(THE INPUT begins)

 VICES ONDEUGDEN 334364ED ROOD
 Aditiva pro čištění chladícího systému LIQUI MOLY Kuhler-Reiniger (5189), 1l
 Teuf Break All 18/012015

(THE INPUT ends)
(THE INPUT begins)

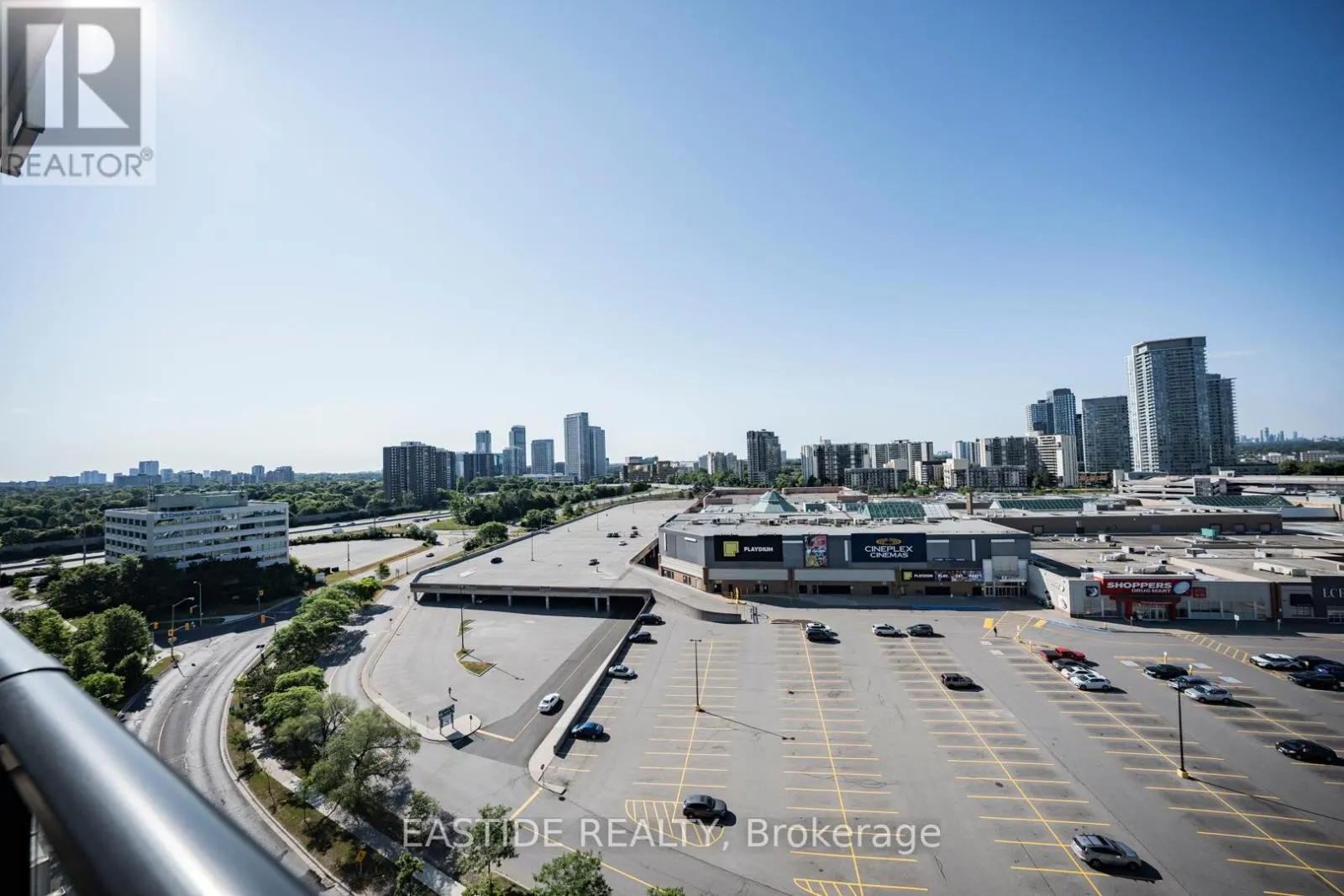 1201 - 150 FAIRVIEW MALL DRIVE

(THE INPUT ends)

> _PROMPT_:
Please make an exact copy of the lines above from the line with "Aditiva pro čištění" through the line with "Teuf Break All 18/012015", both ends included.

> _SOLUTION TO THIS PROBLEM_:
 Aditiva pro čištění chladícího systému LIQUI MOLY Kuhler-Reiniger (5189), 1l
 Teuf Break All 18/012015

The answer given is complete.